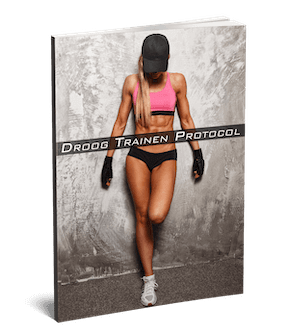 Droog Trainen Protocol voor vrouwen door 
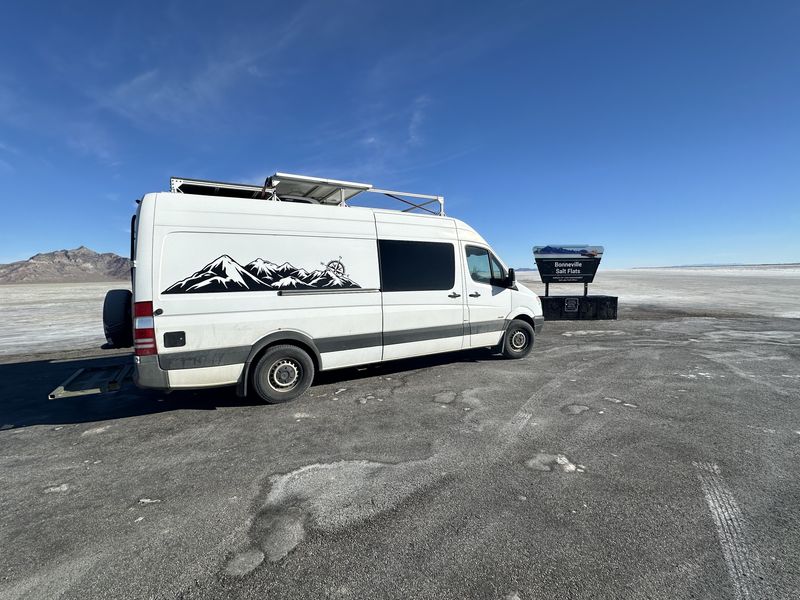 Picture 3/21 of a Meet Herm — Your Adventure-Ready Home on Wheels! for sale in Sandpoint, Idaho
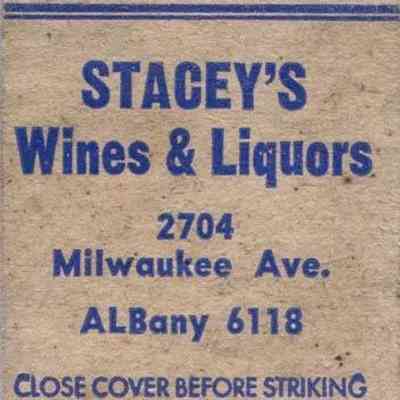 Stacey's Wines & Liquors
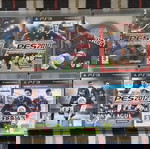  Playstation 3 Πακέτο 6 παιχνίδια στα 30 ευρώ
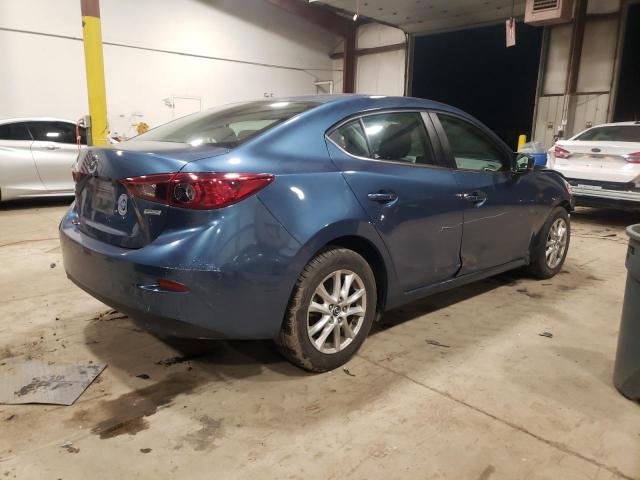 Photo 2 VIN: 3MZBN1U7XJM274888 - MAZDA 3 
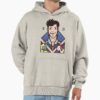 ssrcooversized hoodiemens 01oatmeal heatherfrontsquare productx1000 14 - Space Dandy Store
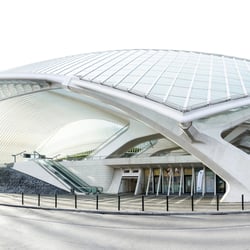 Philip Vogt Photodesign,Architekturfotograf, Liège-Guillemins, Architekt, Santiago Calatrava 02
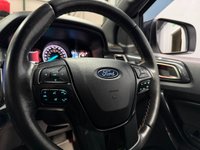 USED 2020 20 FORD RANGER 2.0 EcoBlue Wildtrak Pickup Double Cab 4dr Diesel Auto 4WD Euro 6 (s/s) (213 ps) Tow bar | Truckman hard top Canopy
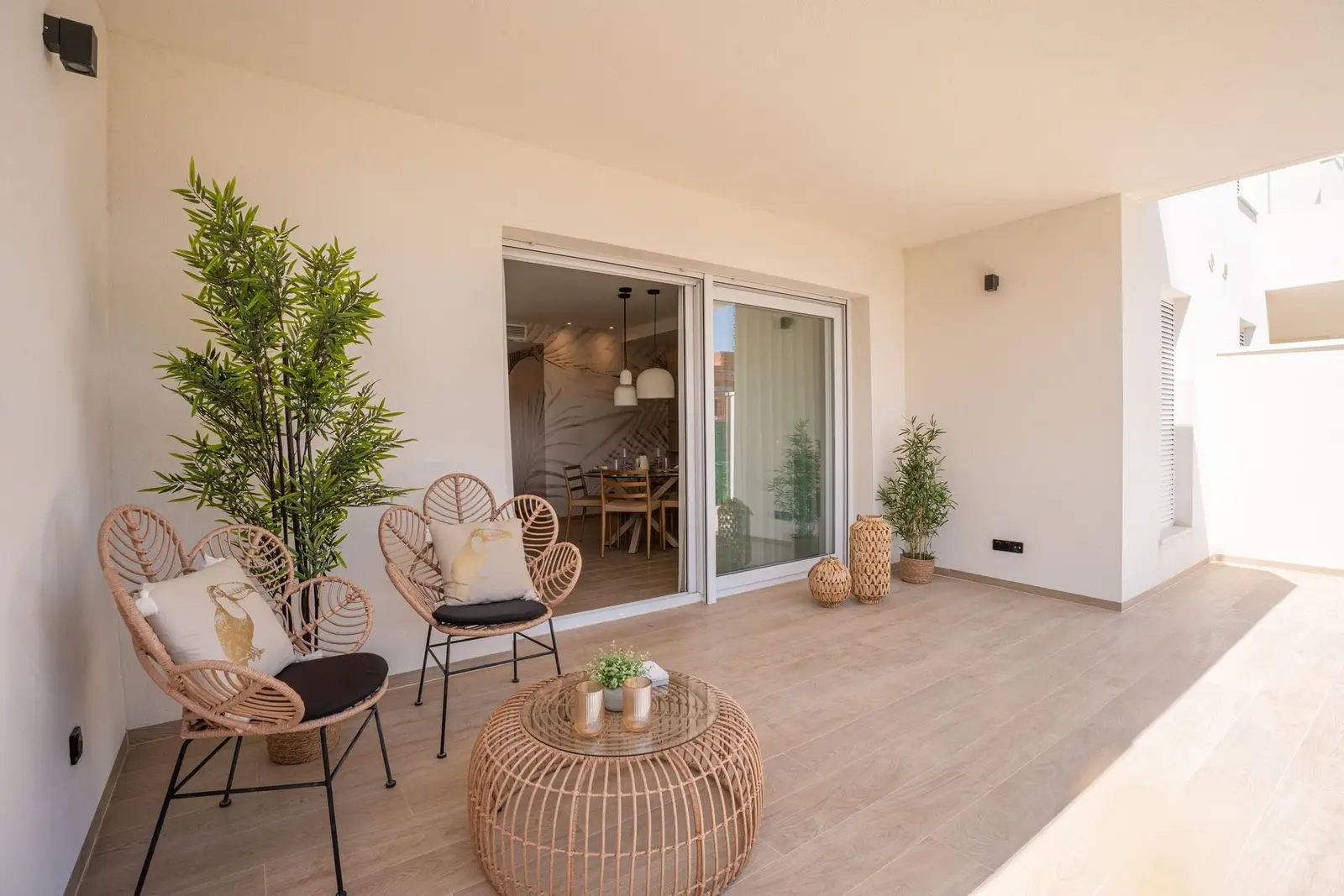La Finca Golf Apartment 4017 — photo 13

#### Problem description:
Print all of the entries word for word. Skip any images they contain.

#### Answer to the exercise:
 Droog Trainen Protocol voor vrouwen door 
 Picture 3/21 of a Meet Herm — Your Adventure-Ready Home on Wheels! for sale in Sandpoint, Idaho
 Stacey's Wines & Liquors
  Playstation 3 Πακέτο 6 παιχνίδια στα 30 ευρώ
 Photo 2 VIN: 3MZBN1U7XJM274888 - MAZDA 3 
 ssrcooversized hoodiemens 01oatmeal heatherfrontsquare productx1000 14 - Space Dandy Store
 Philip Vogt Photodesign,Architekturfotograf, Liège-Guillemins, Architekt, Santiago Calatrava 02
 USED 2020 20 FORD RANGER 2.0 EcoBlue Wildtrak Pickup Double Cab 4dr Diesel Auto 4WD Euro 6 (s/s) (213 ps) Tow bar | Truckman hard top Canopy
La Finca Golf Apartment 4017 — photo 13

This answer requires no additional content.